They lost Paul Pierce, Shaun Livingston, Marcus Thornton, and Andray Blatche, but the Nets retain Joe Johnson. Their lone All-Star, Johnson averaged 15.8 ppg but upped the ante in the postseason with 21.2 ppg. His numbers aside, the Nets rode Johnson like a Triple Crown thoroughbred in the playoffs. He answered the challenge.
Most surprisingly, Brooklyn lost prodigal son Jason Kidd to the Milwaukee Bucks. The team’s off-court upheaval has clouded the perception of the on-court talent.
“We’ve got to step up, myself included, especially leadership-wise,” Williams said. “I think having myself healthy and having Brook healthy, that makes up for a lot. I think that’s what people don’t really understand.”

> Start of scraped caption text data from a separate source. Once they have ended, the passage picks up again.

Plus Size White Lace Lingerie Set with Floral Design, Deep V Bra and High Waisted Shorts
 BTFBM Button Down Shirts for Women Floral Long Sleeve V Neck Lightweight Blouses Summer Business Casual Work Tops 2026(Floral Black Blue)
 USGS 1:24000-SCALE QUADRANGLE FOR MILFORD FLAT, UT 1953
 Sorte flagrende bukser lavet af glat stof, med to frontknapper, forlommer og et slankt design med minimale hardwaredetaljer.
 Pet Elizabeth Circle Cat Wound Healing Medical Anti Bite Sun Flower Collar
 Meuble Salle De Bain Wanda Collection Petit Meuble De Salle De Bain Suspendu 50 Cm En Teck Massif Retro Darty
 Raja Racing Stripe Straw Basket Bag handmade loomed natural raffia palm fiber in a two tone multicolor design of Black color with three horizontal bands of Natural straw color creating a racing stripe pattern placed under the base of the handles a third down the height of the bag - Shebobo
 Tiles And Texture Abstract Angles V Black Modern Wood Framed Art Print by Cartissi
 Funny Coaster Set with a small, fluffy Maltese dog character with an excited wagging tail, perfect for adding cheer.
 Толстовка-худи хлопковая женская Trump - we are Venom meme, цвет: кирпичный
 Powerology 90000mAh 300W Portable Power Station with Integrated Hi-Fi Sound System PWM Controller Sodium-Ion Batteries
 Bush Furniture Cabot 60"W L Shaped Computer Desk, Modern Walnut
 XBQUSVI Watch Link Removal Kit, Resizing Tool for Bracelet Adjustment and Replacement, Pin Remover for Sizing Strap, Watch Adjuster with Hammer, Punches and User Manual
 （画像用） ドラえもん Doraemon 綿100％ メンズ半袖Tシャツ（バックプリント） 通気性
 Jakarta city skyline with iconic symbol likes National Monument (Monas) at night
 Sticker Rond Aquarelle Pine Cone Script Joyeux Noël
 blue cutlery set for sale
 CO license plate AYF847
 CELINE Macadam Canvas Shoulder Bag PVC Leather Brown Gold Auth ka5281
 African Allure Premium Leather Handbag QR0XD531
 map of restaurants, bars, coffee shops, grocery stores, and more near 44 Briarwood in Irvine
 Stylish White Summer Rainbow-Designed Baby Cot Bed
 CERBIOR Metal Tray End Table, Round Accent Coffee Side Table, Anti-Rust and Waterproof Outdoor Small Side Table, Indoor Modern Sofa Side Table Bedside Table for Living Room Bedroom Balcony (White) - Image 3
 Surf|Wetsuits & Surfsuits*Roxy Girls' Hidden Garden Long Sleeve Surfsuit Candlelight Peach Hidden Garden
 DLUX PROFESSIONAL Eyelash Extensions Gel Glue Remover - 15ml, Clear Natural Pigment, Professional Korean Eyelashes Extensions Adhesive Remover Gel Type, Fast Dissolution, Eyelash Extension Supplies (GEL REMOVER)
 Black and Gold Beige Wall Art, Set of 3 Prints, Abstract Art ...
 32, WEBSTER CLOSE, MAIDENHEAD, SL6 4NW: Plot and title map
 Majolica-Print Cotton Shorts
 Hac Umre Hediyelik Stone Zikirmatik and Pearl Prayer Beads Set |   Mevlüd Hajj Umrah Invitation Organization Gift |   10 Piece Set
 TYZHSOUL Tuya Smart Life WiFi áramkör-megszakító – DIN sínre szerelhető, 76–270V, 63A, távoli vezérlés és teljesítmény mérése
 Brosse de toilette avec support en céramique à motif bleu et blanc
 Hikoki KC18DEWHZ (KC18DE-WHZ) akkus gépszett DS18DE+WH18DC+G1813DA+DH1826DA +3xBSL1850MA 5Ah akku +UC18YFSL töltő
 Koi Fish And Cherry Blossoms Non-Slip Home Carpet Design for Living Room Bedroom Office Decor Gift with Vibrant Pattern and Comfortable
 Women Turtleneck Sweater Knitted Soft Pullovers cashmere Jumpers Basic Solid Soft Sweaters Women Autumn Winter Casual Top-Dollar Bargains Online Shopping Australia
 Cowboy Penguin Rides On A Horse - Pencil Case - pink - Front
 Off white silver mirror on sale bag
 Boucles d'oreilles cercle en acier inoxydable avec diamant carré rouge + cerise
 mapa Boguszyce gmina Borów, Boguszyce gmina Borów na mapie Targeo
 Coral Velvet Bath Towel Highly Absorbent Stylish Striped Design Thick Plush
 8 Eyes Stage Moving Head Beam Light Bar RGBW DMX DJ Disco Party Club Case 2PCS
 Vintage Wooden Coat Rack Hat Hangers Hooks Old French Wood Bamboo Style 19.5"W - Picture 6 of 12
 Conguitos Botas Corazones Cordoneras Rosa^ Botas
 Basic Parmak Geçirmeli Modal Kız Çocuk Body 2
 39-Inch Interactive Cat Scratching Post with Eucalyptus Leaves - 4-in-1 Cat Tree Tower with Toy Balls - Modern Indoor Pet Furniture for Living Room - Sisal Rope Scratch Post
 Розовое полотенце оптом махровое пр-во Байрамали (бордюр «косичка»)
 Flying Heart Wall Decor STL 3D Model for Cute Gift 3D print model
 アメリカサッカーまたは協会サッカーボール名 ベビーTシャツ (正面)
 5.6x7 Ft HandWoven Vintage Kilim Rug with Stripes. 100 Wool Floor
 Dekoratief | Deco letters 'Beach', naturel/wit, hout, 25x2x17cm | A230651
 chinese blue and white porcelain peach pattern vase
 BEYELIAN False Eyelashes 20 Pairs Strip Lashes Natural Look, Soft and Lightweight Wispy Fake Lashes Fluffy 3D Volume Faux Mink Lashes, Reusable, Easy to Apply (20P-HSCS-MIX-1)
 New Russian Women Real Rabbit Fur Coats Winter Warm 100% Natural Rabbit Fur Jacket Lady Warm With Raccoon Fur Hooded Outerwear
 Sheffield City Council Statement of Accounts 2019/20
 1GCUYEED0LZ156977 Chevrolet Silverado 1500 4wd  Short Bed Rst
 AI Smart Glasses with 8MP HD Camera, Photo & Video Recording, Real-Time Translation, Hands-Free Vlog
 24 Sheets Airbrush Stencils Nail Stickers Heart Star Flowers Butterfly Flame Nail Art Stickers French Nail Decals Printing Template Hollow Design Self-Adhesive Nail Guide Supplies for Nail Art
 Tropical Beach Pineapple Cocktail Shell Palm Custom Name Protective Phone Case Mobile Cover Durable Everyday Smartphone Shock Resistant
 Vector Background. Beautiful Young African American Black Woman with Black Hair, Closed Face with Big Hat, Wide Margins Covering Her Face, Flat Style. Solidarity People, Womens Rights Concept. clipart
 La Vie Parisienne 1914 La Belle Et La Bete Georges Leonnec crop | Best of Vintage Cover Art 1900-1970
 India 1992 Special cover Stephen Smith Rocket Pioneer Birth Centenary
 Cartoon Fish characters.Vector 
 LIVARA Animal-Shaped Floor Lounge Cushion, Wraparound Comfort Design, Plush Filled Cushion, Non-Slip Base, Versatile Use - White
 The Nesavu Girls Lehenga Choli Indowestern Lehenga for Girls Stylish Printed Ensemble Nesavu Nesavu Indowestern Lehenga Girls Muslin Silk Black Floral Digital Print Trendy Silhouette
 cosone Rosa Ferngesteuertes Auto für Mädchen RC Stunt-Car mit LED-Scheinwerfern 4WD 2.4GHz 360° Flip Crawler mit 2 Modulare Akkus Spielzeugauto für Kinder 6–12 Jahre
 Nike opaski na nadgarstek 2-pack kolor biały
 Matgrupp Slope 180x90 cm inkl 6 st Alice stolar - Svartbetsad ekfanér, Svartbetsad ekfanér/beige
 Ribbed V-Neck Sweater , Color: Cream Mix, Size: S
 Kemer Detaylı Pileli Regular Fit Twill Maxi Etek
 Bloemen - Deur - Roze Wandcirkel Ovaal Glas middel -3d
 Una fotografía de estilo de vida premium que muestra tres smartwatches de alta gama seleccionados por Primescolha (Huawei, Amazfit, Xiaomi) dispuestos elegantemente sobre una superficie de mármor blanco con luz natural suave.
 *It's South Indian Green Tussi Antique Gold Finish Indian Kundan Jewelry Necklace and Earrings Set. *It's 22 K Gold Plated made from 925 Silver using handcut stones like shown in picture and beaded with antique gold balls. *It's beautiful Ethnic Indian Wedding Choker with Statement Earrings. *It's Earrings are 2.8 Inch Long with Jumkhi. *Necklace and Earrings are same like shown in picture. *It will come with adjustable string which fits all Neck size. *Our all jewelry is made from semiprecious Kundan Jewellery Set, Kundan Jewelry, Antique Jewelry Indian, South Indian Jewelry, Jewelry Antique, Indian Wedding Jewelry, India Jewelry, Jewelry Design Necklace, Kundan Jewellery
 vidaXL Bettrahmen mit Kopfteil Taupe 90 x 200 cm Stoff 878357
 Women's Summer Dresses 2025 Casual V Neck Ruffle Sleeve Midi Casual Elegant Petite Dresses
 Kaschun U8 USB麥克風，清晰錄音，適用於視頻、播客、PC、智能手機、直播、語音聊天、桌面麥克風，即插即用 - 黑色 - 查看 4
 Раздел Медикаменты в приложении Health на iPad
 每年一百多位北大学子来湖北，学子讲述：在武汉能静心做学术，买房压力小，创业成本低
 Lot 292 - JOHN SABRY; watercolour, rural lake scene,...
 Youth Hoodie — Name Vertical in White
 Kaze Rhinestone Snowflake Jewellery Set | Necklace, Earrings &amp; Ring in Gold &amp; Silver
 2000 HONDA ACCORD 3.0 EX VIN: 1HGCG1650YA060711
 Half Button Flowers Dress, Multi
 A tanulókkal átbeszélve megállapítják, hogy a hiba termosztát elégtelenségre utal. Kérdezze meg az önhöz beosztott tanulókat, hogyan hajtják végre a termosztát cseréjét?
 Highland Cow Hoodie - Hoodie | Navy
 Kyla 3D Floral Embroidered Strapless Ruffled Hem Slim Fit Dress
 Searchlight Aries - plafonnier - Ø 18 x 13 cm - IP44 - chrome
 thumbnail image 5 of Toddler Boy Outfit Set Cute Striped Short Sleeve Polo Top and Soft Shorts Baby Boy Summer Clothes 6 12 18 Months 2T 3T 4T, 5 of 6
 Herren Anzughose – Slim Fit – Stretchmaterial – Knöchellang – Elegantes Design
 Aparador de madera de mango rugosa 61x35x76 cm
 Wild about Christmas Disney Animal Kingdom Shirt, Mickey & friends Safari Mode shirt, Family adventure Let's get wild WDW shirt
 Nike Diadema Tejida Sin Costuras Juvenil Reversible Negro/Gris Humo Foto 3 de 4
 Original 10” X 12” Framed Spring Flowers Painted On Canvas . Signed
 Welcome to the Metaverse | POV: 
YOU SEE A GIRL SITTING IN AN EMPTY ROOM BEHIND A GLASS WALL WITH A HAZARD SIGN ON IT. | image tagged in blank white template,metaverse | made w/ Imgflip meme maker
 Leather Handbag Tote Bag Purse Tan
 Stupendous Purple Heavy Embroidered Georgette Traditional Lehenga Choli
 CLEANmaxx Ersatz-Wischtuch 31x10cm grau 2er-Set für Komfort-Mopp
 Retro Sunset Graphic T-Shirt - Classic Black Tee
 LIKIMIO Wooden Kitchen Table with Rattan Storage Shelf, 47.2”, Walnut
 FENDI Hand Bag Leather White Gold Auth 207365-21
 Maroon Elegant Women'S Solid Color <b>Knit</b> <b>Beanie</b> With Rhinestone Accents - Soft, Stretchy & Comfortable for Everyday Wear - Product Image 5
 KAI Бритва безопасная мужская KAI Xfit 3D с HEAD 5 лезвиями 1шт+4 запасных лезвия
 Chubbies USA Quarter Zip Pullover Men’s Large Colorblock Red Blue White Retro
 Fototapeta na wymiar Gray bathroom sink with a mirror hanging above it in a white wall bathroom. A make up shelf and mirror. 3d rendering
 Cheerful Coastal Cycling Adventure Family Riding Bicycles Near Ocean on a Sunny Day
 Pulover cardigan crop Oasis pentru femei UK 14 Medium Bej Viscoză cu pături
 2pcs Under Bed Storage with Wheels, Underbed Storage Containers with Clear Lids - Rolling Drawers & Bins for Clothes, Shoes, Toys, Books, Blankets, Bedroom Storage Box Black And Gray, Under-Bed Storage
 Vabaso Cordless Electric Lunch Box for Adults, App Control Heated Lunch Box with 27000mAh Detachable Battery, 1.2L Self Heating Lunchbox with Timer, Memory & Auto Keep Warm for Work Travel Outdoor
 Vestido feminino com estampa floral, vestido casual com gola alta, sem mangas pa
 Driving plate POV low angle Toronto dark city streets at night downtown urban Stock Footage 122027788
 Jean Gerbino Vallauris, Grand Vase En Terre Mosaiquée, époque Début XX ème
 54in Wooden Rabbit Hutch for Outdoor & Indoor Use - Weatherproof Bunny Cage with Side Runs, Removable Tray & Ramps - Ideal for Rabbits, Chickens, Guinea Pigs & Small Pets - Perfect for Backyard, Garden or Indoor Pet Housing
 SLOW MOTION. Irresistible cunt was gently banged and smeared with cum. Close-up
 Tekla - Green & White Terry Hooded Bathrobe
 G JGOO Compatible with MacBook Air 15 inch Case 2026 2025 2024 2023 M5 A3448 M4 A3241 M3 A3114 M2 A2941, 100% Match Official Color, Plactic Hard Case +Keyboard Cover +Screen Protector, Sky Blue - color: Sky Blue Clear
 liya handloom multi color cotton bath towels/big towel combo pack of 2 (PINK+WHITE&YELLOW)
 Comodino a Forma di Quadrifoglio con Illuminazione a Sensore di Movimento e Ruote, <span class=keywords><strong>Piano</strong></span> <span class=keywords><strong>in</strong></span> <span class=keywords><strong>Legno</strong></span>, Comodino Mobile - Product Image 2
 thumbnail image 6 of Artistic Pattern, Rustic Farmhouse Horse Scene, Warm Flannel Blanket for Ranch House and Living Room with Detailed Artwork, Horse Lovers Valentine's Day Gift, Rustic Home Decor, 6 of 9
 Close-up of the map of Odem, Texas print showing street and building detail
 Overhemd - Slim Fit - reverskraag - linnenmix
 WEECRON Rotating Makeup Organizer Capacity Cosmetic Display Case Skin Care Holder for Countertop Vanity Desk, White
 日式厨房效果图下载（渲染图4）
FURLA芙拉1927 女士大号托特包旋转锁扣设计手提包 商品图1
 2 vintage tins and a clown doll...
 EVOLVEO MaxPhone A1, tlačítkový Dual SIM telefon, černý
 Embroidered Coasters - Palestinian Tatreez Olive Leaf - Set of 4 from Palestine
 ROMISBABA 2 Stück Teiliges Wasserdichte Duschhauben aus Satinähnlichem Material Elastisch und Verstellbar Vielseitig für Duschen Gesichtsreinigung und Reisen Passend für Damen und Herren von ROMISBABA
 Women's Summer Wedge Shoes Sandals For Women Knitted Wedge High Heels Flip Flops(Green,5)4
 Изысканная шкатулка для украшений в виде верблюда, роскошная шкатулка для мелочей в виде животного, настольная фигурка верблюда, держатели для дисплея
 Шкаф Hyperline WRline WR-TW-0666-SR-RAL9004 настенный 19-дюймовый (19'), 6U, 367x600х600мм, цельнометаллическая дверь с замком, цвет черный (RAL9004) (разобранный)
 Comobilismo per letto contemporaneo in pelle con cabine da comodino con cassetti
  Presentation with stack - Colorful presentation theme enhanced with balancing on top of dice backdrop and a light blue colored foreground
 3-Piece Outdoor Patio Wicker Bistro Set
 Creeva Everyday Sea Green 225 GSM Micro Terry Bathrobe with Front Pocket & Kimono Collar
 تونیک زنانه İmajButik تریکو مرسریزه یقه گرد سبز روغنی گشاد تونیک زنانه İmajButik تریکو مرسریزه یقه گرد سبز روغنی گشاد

For arguably the first time, Williams will enter a Nets training camp completely healthy. That changes the “landscape” just as much as adding Lopez. The emergence of Mason Plumlee and the addition of Bojan Bogdanovic can only help.
“Health is the No. 1 issue for this team going in with Brook, KG and Deron,” Hollins said. “If they are healthy and we can create continuity and a foundation of a group playing together, then I think things will fall into place.”
Like last year, health will ultimately dictate the Nets’ success. But with only a few clear Eastern Conference standouts, the Nets can certainly vault into the upper half of that playoff picture.